2.        PVC Monitoring Wells (Poly Vinyl Chloride) - PVC is produced by polymerizing Vinyl ChlorideMonomer (VCM). VCM is a known carcinogen, the production of which utilises ethylene gas purified from petroleum and chlorine gas. The production of chlorine gas requires vast amounts of energy and generates byproducts that bioaccumulate. The end product, PVC, is anything but green.  Have you considered where these products are manufactured? What environmental standards were followed by the manufacturer in India or China? What happened to the waste products generated by this process? Further, I wonder about the legacy effects of installing hundreds of thousands of PVC wells directly into our groundwater systems. I don’t pretend to understand the long-term degradation of PVC but given the level of concern globally around the general use of PVC products, it seems best practice to minimize its use. 

3.        Filter Sand (Gravel Pack) - We take a pristine resource, extract it from its natural environment (through destructive means), and introduce it to a contaminated site. This is fundamentally perverse from a sustainability standpoint. Sand mining is one of the biggest sources of land degradation globally. After water, sand is the second most extracted material on the planet. When used in construction, sand and gravel particles need to be angular and free of salts in order to hold cement together; only sand reserves from rivers are suitable, which has catastrophic impacts. I concede that the volumes used in our industry are minuscule in comparison to the construction sector, but unlike many other industries we are in a position to consider alternatives that minimize the consumption of such a valuable resource. 

4.        Packaging - Packaging materials from well construction materials (sand, bentonite, drilling muds and cement) constitute most of our generated waste. At Numac we send approximately 500m3 of non-recyclable packaging waste to landfill each year. Of this packaging, the item that causes me the most discomfort is the individual packaging of the uPVC. It is explicitly the environmental remediation industry that demands this from suppliers. 

5.        Sampling consumables - Not once, not ever in thousands of projects has an environmental consultant requested details on the sustainability credentials of the materials we supply. Teflon and plastic tubing, disposable bailers, nitrile gloves, snap lock bags, soil jars, the list goes on and on.  Thankfully in this space we are starting to see some 'greener' options on the market but inevitably, it all still makes its way to landfill along with the waste soil.  At least all those glass sample jars are recycled, you might think?

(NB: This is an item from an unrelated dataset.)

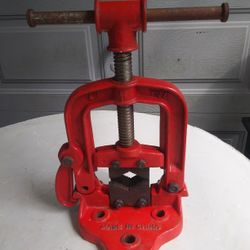 Heavy Duty Bench Pipe Vise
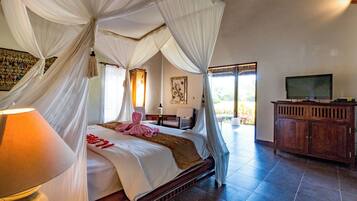 Vila Deluks, 1 kamar tidur | Minibar, brankas, didekorasi berbeda-beda, dan meja kerja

6.        Safety - This may appear to deviate from the core theme, but I feel that it has merit. I would certainly consider injury, illness and property damage as “waste” and make all efforts to minimise these. Direct sensing technology eliminates drill cuttings and consequently the exposure pathway for drill crews and consultants. In addition, direct sensing tools are much lighter and easier to handle, dramatically reducing the likelihood of manual handling injuries. The MiHPT and UVOST have a diameter of approx. 44mm (1.75 in.). In comparison the standard hollow auger is over 200mm (8 in.), or five times larger. It seems logical to infer that the probability of hitting an underground service would therefore be reduce fivefold. 

All waste streams have a direct financial cost. As soil disposal costs continue to skyrocket, the economic argument for the use of direct sensing systems strengthens. Sadly, the current architecture rewards the creation of waste as both consultants and contractors profit from on-selling consumables and peripheral disposal services. 

Many simple opportunities to improve the sustainability of site investigations could be implemented immediately. The technology and financial incentives exist; all that is needed now is an industry commitment.